But first some operational definitions. Sin is not so much a collection of misdeeds as it is an active, malevolent force bent on utterly undoing God’s good creation and purposes—living to reflect God’s glory and goodness. Sin enslaves and kills us. It makes us sick and hostile and alienated toward each other and God. And when we are alienated from God and our relationship with him is totally disrupted as only Sin can do, we die because life is only found in God. Sin is emphatically not about making bad choices as many have falsely asserted. Misdeeds and bad choices are more symptoms of the real evil of Sin and any such talk serves only to confuse our thinking about the seriousness of human sin and our bondage to its power. Sin is a universal human affliction, enslaving us as the result of our first ancestors’ Fall. It has so completely enslaved us that we are powerless to break its grip on us, hard as we might try. If you doubt that, how are your new year’s resolutions going, five weeks into the new year? If we can break free from Sin’s power over us on our own, then why are there so many gluttons and drunks and addicts of all kinds and adulterers and dishonest and unhappy people? Yet over and over we return to the filth of our sin, demonstrating its death grip on us. But here’s the thing. Despite being a universal human affliction, Sin is a theological concept so that only those who have an awareness of God can be aware of their sinfulness. We see it all the time from the self-righteousness of the godless who help make up the social media lynch mobs. We see it in the lunacy of sexual or racial identity. We see it in the celebration of unbridled greed and all kinds of hardheartedness. Anyone who does not know or believe in God has no concept of sin because he/she has little to no knowledge of the Holy. This is not to say that these folks are sin-free. They most certainly are not. They simply aren’t aware of their predicament and deadly peril. 
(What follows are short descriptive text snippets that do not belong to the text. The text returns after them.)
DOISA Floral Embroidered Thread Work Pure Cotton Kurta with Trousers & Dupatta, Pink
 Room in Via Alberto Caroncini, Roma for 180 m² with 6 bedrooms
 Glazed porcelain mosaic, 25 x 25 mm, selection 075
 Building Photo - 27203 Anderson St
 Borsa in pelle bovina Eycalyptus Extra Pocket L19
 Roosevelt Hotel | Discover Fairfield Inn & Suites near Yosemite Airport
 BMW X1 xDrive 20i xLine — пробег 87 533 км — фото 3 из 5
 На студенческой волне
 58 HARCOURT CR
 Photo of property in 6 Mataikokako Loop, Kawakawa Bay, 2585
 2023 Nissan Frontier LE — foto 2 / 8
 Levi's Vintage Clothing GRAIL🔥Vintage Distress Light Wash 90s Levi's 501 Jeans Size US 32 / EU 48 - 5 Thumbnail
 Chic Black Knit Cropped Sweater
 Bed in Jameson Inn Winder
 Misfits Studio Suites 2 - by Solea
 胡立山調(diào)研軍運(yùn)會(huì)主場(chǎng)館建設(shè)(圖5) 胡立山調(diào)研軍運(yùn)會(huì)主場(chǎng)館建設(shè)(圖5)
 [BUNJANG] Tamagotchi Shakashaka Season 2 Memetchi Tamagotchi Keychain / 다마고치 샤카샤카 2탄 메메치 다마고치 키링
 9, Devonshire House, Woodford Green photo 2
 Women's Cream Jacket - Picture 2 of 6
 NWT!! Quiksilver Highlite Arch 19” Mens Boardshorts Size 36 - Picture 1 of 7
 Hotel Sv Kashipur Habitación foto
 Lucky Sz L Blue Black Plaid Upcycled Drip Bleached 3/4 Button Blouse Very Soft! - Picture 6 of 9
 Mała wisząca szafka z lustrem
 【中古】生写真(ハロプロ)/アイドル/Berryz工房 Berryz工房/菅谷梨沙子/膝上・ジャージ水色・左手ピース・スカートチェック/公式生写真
We see this notion of sin as a theological concept at work in our OT and gospel lessons this morning. When the prophet and St. Peter become aware that they are standing in the presence of the Holy, they immediately become aware of their own sinfulness, a sinfulness that their enslavement to Sin’s power has produced. It is almost as if this awareness was built into their very being. They knew instinctively that they were standing in the presence of the Holy and their sin stain was made painfully obvious to them as it will be to us when we stand before Christ’s judgment seat, if not sooner. As we saw several weeks ago, this was the whole purpose of the Tabernacle/Temple system—to allow the profane to enter into the Holy’s Presence without it becoming fatal. 

Finally, sin always produces guilt in terms of breaking God’s law and/or violating the created order. It is not the same as “feeling guilty” nor does that guilt necessarily coincide with personal feelings of guilt which are determined mainly by our own awareness of God and his holiness; the more aware we are of who God is and God’s desire for us, the more our personal sense of guilt will likely be and vice versa. And because we are powerless to break free from our enslavement to Sin’s power, we must understand—and this is critical for our faith—that only God can supply the remedy to Sin to end our guilty status before him because only God is more powerful that Sin’s power. In other words, we must be liberated from Sin’s power by an even greater power, the power of God. And now we are ready to talk about why it is essential for us to have a robust theology of the cross, that it both atones for our sin so we can be healed and reconciled to God our Father and is seen as the sign of Christ’s victory of over the powers of Sin and Death.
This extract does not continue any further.